After leaving Nick's family in Milan we headed north to Switzerland. Since being in Europe we have changed our travel set up. We are now camping so we needed another set of panniers for our new gear. We purchased a new pair of ortlieb panniers and Nick now has two small panniers on his front wheel, two big one on the back and the tent sitting across the rack totalling 40kg of gear. Nat has upgraded to large panniers on the rear totalling 20kg.
Setting out fully loaded in Milan
We decided to catch a train just out of Milan then rode north to some lakes near the Swiss border. There are plenty of camping sites so it is just a matter of stopping for the day when we get tired, or when we find a great spot.

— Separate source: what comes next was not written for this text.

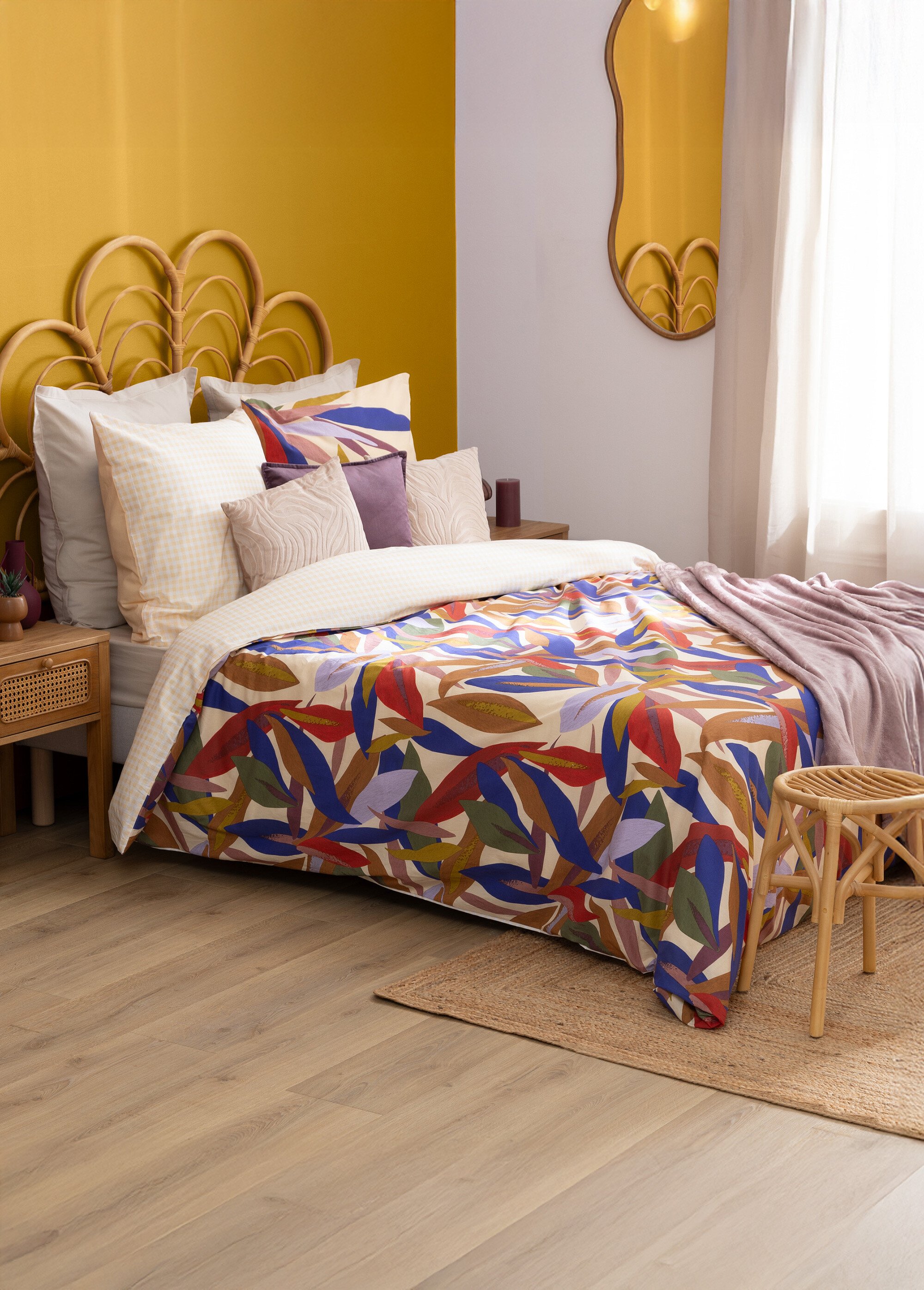 Parure de lit Jannie, motifs feuilles Blanc JJA-212553 FA1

Going to Switzerland was an impromptu decision so we had not done much research and did not have a guide book but upon entering Switzerland we were confronted with sign posted cycle routes and an abundance of cycle lanes. There is a fantastic network of cycle routes over the country and there are maps and books that detail all of the routes at a country, regional and local scale. We got onto the north-south route which would take us to Luzern, then to Zurich.
The south of Switzerland is italian speaking, so not much changed from crossing the border and it is not until you cross the alps over the San Gottardo Pass do you enter german speaking Switzerland.
We stopped at some charming towns on our way north. Bellinzona is a UNESCO world heritage site with 15th century castles in the centre of town. They were used to protect the Lombardy people of northern italy from germanic tribes. Who ever said that Switzerland was too sterile with no culture?
One of the charming villages in southern Switzerland
After Bellinzon the road started heading up into the alps. We were heading for the San Gottardo Pass (2109m) which was a 2 day ride away. The ride up was great, the cycle route took us off the main road and through small towns set on the river running down the valley.
There are 3 routes over the San Gottardo Pass, the highway (via a 20 odd km tunnel), the main road with many tunnels or the old cobbled road. Being traditionalists we took the old road which was a 900m rise over 12km (for the day we climbed 1500m over 30km). There were plenty of other cyclists doing the climb, but we won the prize for hauling up the most gear. It took us 2.5 hours to get to the top but upon arriving we had the mandatory photo with the altidude sign then enjoyed a bratwurst sausage each.
The many switchbacks
We decided to take the main road down and had 45km of descending to Altdorf where we finished for the day.
We then headed to Luzern, a charming but touristy town located on the edge of a lake (like all swiss towns). We camped about 10km out of town and stayed a few nights exploring the area. We met some other kiwi cycle tourers who have been living in London so it was great to chew the fat for a few days with them.
Camping is not so bad afterall with a spot like this
Zurich was only a days ride away but we managed to take two, partly because the ride was so nice and we found a nice campsite by a river to hangout at.
In Zurich we stayed with Alistair, a kiwi who is doing his Phd over here. Al showed us the highlights and the best kebab shops of Zurich and it was great sleeping in a futon instead of a thermarest mattress for a few nights. Zurich is a fantastic town and reminds us alot of Wellington....but better. It is definately not `all banks` and there is a great young, ethnically diverse cultured feel to the city. There are more cyclists than pedestrians and the city is very compact given there are only 300,000 people here.
We both know that sometime in the near future we will be living in Zurich, whether it be study or work.